残念ながら、そこのパートでは負の再生産を繰り返している。業と書いてカルマと読む!
社会全体は総和としてプラスマイナスゼロになる為、金回りの良いクラスターもあれば、それと釣り合うだけ悪いクラスターもあり、富は偏在している。

インドの貧民街に行くと乞食が多い。(一般に言うホームレスより劣悪な環境で、乞食という表現が近い)
四肢があらぬ方向にひん曲がっていたり、両目が無く眼下が窪んで脳が見えていたり、悲惨も悲惨である。

中学の社会科で習ったようにインドにはカースト制度があり、親の職業を子供がそっくりそのまま受け継ぐ。
紀元前13世紀より現在に至るまで、この伝統は3000年以上続いている。

唐突だが、驚くべきことにインドは失業率がゼロの国だ。

Q.なのになぜ、失業者がいるのか?
A.乞食は職業であるw

乞食の子供に生まれると、代々続いてきた稼業の為に親が子供を不具にしてしまうのだ … … 。
インド社会は100%世襲利権だけで成り立っており、新参者が新規参入で乞食になることすら許されない。
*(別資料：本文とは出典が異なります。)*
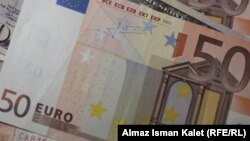 Банкнота номиналом 50 евро.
紀元前13世紀も前のエロイ人が、俺の財産を100%確実に子供に渡したい。動きすぎてはいけない。
いやもういっそうのこと階級移動は全面禁止してしまった方が良くね?

… … と、考えて「転職禁止」と経典に書き込んでしまって今に続いているのですね …。
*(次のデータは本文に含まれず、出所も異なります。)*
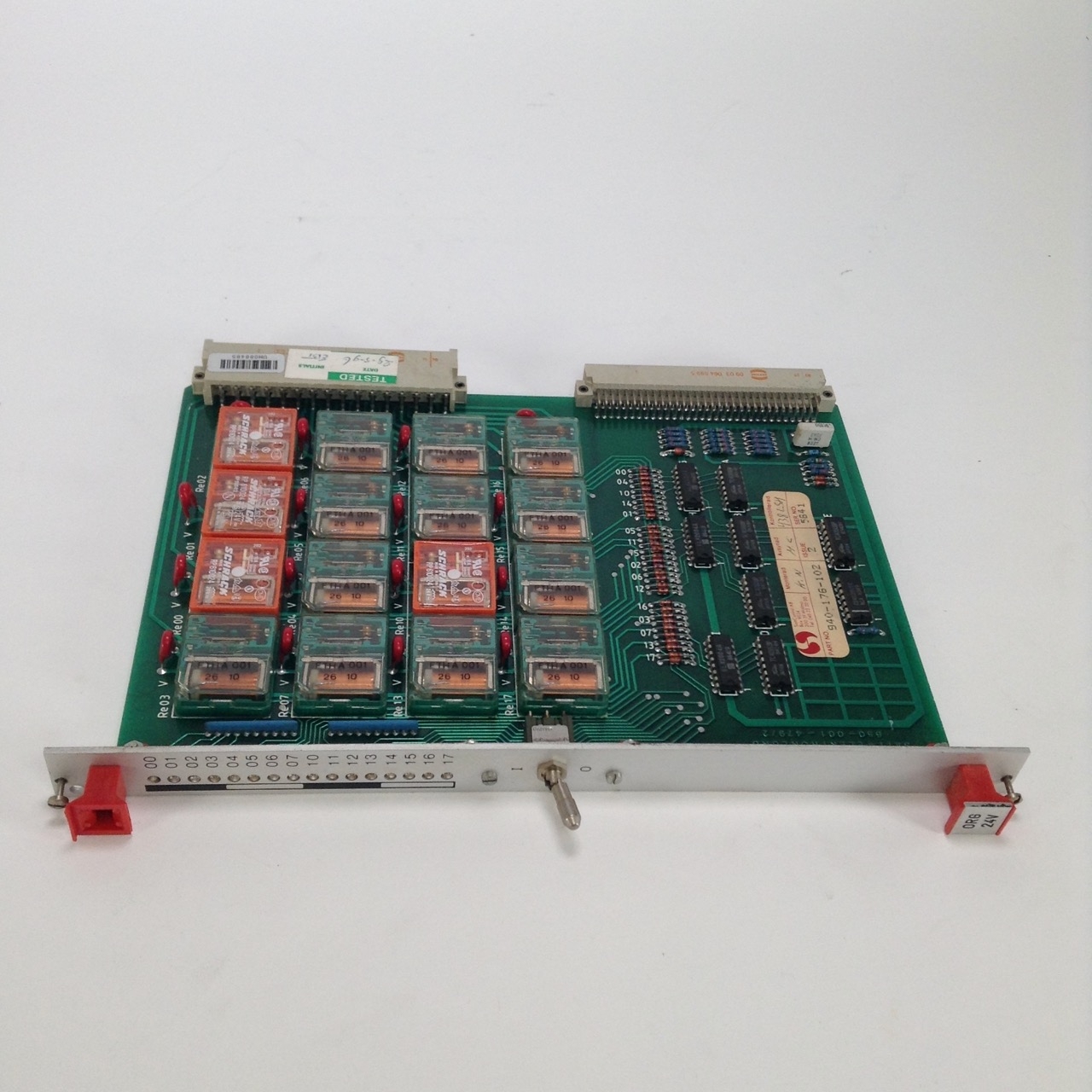 Sattcontrol 940-176-102 ABB CPU board card control karte 940 176 102 Used UMP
安宿街サダルストリートを歩くと、日中にも関わらず人の往来が激しい。
この人達は何をしているのかというと
… … 、実はあてもなくただプラプラ歩いているだけなのですねェ。
インドに無職はいないのですが、彼らには仕事が無いのです。つまり開店休業状態なのだ。
そこで何か仕事が落ちて来ないかと道を練り歩いているというわけです。

日本では、「無職ニートは恥ずかしい人」として、罪を内面化させられて一日中自宅に引きこもって己の努力不足を反省していなければならない存在ですが、須らくインド人は恥ずかしい無職は誰一人としておらず、従って家に引きこもって反省しなくてはいけない理由もないのですw

引きこもりが部屋から外に出られない理由は、社会構造と同調圧力だったのだ!なぁ~んちゃって

ハビトゥスとは何か?

ハビトゥスとはじっさい、客観的に分類可能な
習慣行動の生成原理であると同時に、
これらの習慣行動の 分類システム(分割原理)でもある。


・ハビトゥス  habitus

・界・場        champ
・文化資本     capital culturel

  • ハビトゥス = その人に刻み込まれた傾向性

幼少期から、言葉遣い、身のこなし、趣味趣向といった形で植え付けられたハビトゥスは、所属階級の性向が刻印されており、その後の人生の選択に大きな影響を及ぼす。人々の行動にある統一性こそがハビトゥス。

ロバート・B・チャルディーニ博士の「影響力の武器」によると、人が好意を抱く判断基準は「自分に境遇が似ている」ことと指摘している。
白人は白人同士、日本人は日本人どうしで結婚する人が多い。…というのは、人間は(動物も)見た目姿が同じものを好み、一般的に多くの日本人男性は、白人の美女よりアジア系の美女の方を好む。

また、階級や、出身地、趣味など自分との共通点が多いと選好ポイントが高くなる。
が、その選好は偶然を装った、必然である。